Once we have lived it, can see it, we can wish for redesign with 2020 hindsight. But our dearth of raw material looking forward is because we live in a society which has been designed as one long exercise in drinking the Kool-Aid. It has been designed to turn our imaginations off. Why were those of us tasked with reimagining the future not asking: What if there were no longer money? What if all food systems shifted to local? WHAT if travel never came back?

How is it that we are so ill educated and ill-equipped culturally to come together and free ourselves from the future that’s been painted by dominant voices and dominant practices? Why at this juncture would we possibly trust that technology (made with an eye to profit) is going to shift us?

Where does change happen? In the mind and then the world? Where does the imagination fit in?

When we are young, imagination is linked to fantasy vs invention as quickly as possible. And then the professionalization of storytelling into addictive consumption, escapism, wish fulfillment. Sustainability is a human instinct. Every child walks into the world wanting to know how to be deeply self sufficient. How to find their own food, find their own way home, build their own shelter. Collective stories used to teach, not sell.

I think of all the historical moments where women were told not to read. The fear that they would drift towards the imaginary — from the limits of their lived lives off into the vast frontier of potential of the novel. Books bring to life our imagination, allow us to participate in the co-creation of the story, are fully immersive experiences. I was with my father at his death bed. No contemporary form of media had ever trained me for that moment — it was books I had read that helped me know what to listen for in his staggered breath, that allowed me to be aware, awake, prepared to, as a human, show up in that moment.

Now we have homebound children — not free range enough to go off and dangerously climb a tree or swim in the sea, and instead they die over and over on headsets in digital realms addicted to adrenaline of risk without consequence and the chance to build, strategize, collect, form communities of their own in the only space we have left to them.

We have colonized people’s imaginations. We have dampered their desire for communal, small-scale reliance on each other and dumped their relationships into mimicry of media. We have created addiction and shame and unhealthy desire in relation to consumption of food and stuff. We have taught that as adults your primary relationship to body will be inevitable breakdown and pain. We have offloaded health to others.

I’ve stood in the halls of Boeing and the military and seen that the core dividing line in the strategic visionary insight is in fact not between scientist and engineer, or ethicist and anthropologist, but between Star Trek and Star Wars aficionados, and the imagined futures those two narratives bring. Toss a Hollywood concept artist or two in there and you have a design for a new weapons system and I kid you not. We, all of us, live in worlds bounded by our imaginations and perceptions: our “worldview.”
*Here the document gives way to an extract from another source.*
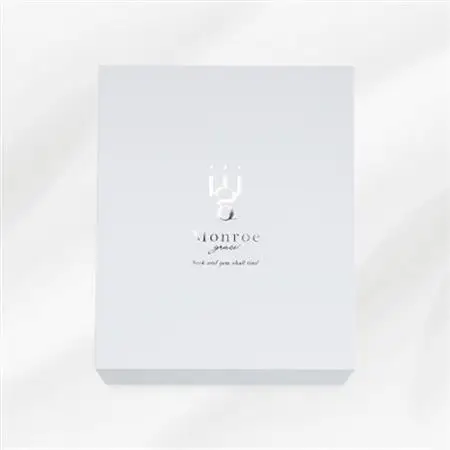 Monroe grace ヘアケア製品2点セット ギフトBOX付き(大丸・松坂屋おすすめ品)【1366339】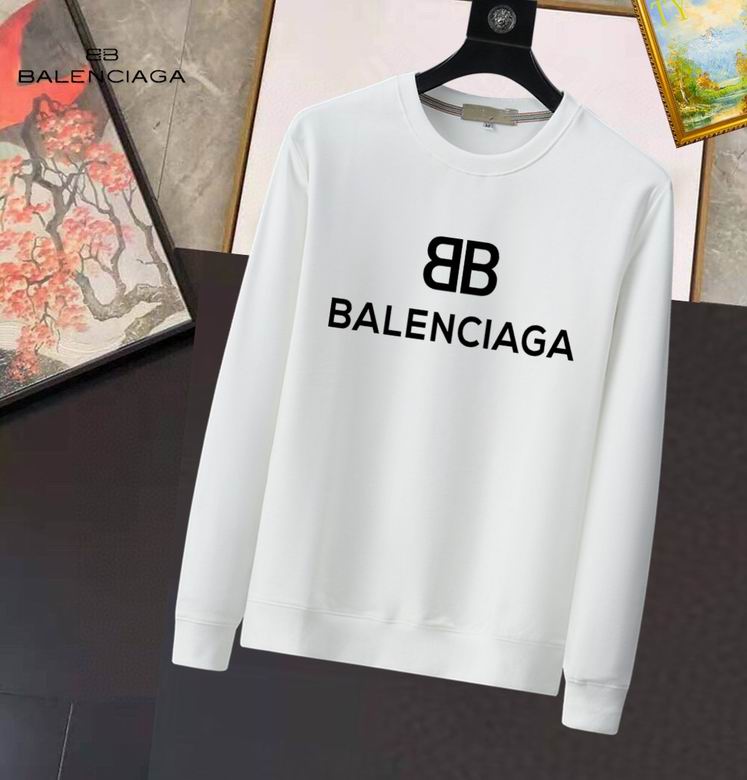 Wholesale Cheap B Alenciaga Replica Sweatshirts for Sale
So — those looking at the past in the space of ten years imagine us able to redesign a society, an ecology, and a food system that is not human-centric. And well why not?

What is the bridge between imagined reality and built reality? Does it matter? We need to understand that what we are aiming for is simultaneously the actionable baby steps and the big mind shift. We need to hold both to get to a future we all might want to live in.